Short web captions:
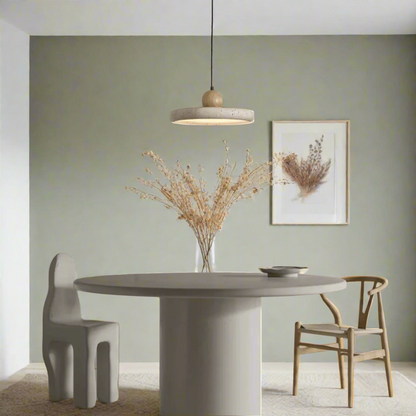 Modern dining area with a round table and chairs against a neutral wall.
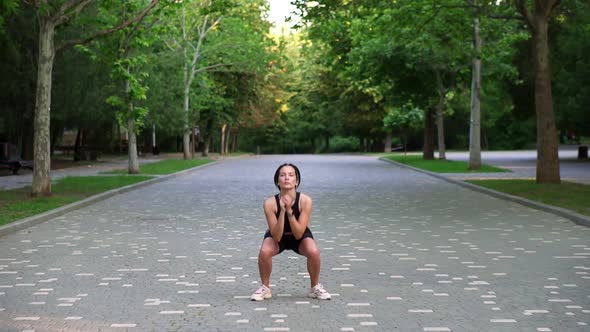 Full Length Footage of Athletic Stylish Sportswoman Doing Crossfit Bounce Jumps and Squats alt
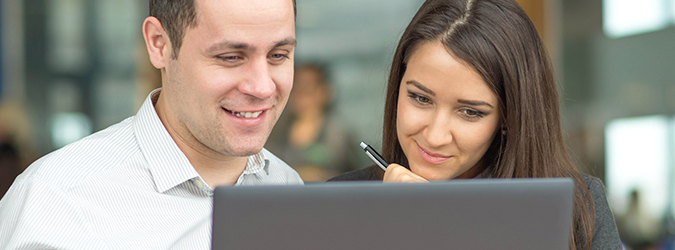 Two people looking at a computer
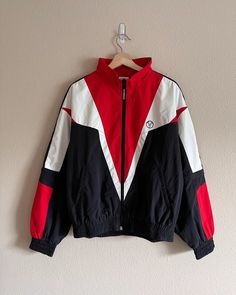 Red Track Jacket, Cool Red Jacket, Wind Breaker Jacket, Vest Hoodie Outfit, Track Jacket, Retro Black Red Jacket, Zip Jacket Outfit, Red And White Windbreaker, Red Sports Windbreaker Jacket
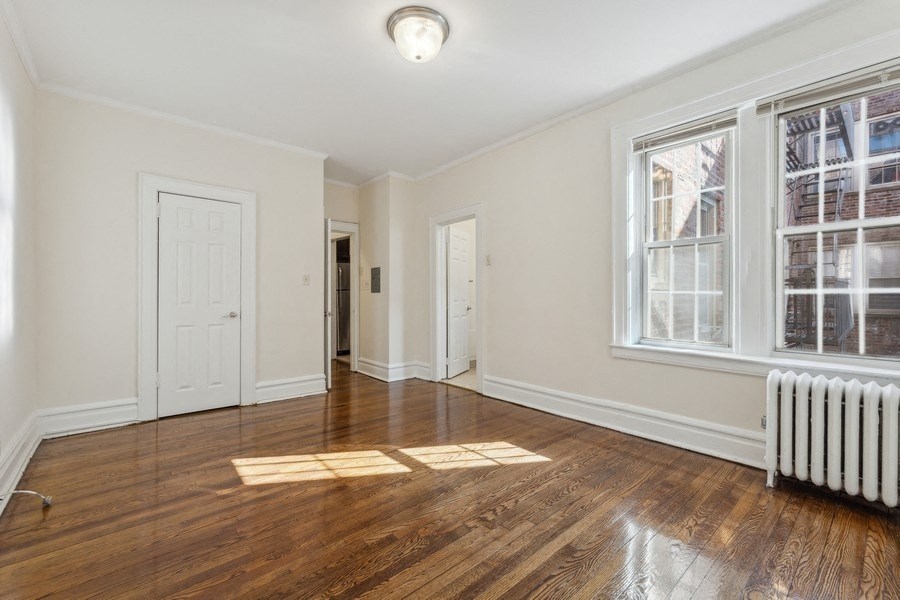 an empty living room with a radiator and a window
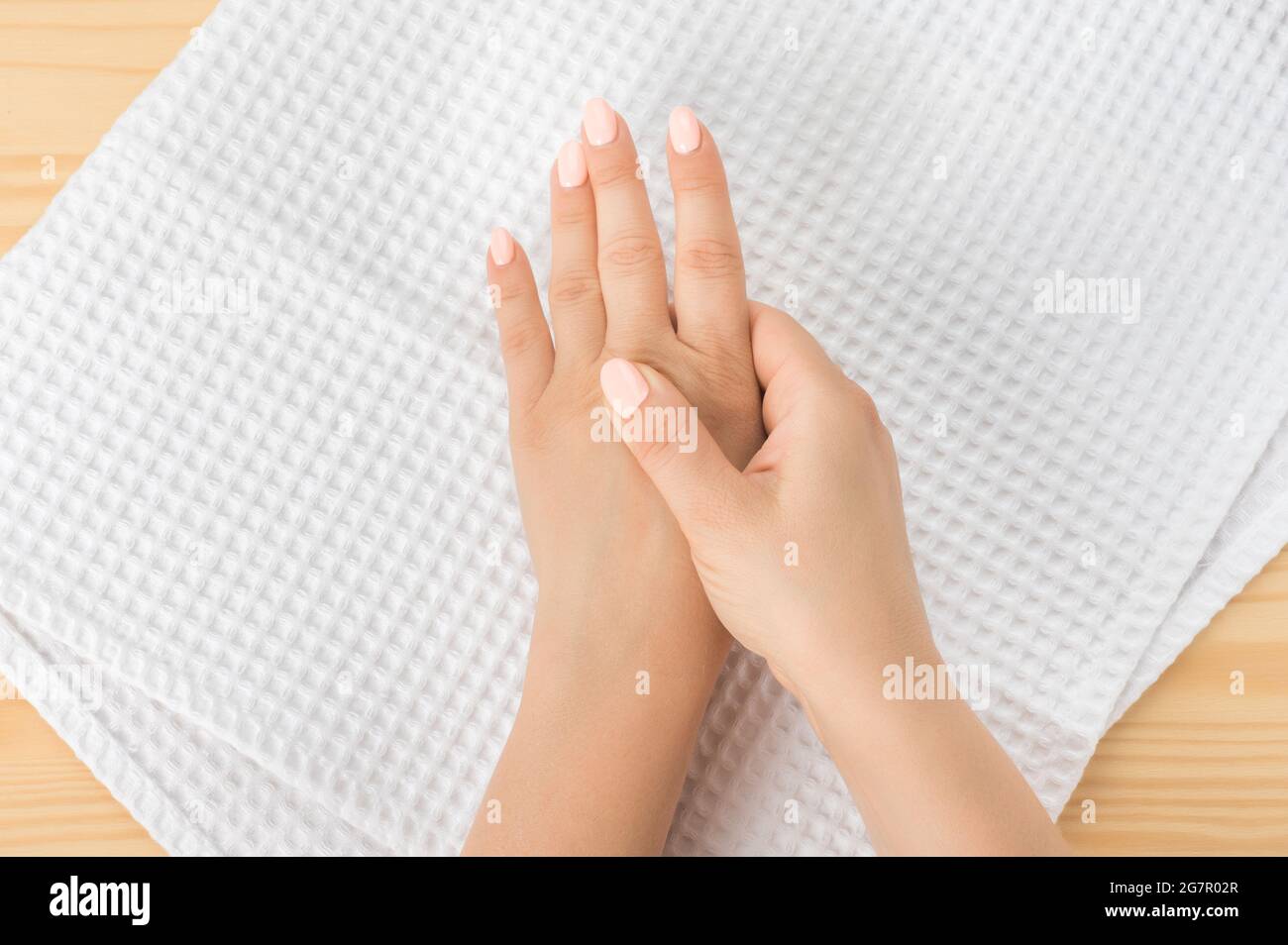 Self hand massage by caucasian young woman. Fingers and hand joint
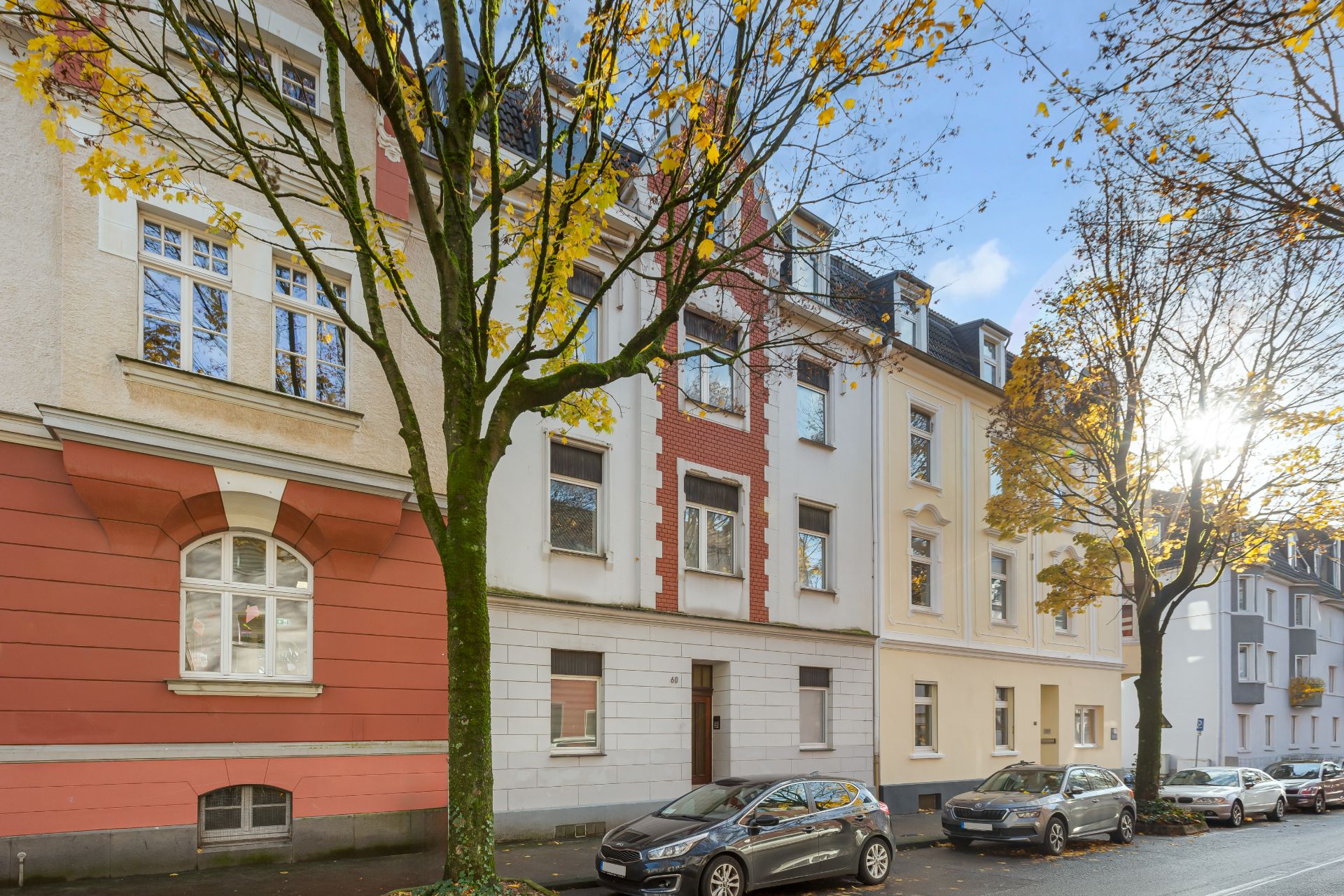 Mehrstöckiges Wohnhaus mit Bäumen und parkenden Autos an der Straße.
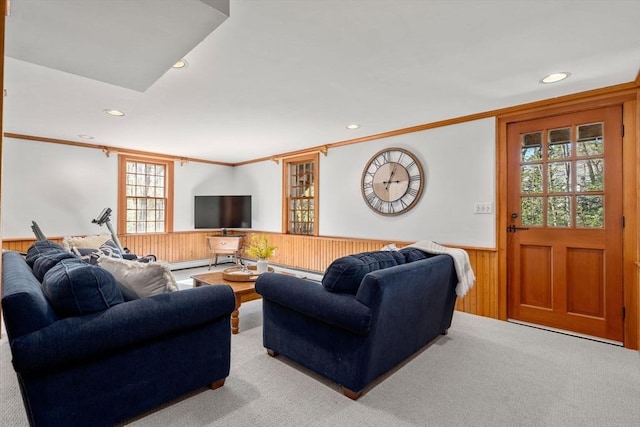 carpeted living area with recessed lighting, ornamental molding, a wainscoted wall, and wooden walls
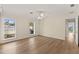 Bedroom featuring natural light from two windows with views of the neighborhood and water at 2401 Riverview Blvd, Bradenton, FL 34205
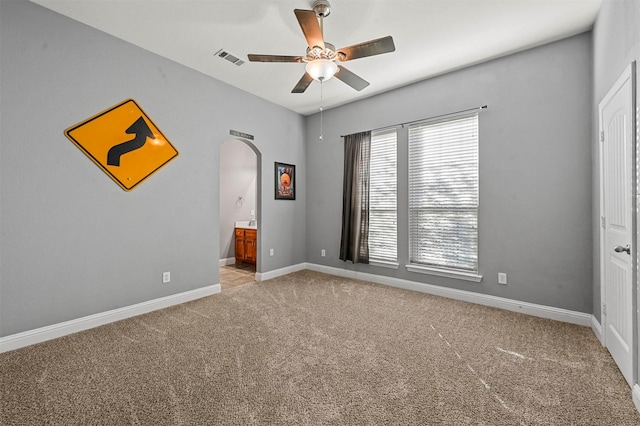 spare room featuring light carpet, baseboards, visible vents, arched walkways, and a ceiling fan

[Goal of the exercise] Nothing but the lines from the start of the records above through the line with "Bedroom featuring natural" should be retyped, each exactly as written; leave out all pictures.

[Response]
 Modern dining area with a round table and chairs against a neutral wall.
 Full Length Footage of Athletic Stylish Sportswoman Doing Crossfit Bounce Jumps and Squats alt
 Two people looking at a computer
 Red Track Jacket, Cool Red Jacket, Wind Breaker Jacket, Vest Hoodie Outfit, Track Jacket, Retro Black Red Jacket, Zip Jacket Outfit, Red And White Windbreaker, Red Sports Windbreaker Jacket
 an empty living room with a radiator and a window
 Self hand massage by caucasian young woman. Fingers and hand joint
 Mehrstöckiges Wohnhaus mit Bäumen und parkenden Autos an der Straße.
 carpeted living area with recessed lighting, ornamental molding, a wainscoted wall, and wooden walls
 Bedroom featuring natural light from two windows with views of the neighborhood and water at 2401 Riverview Blvd, Bradenton, FL 34205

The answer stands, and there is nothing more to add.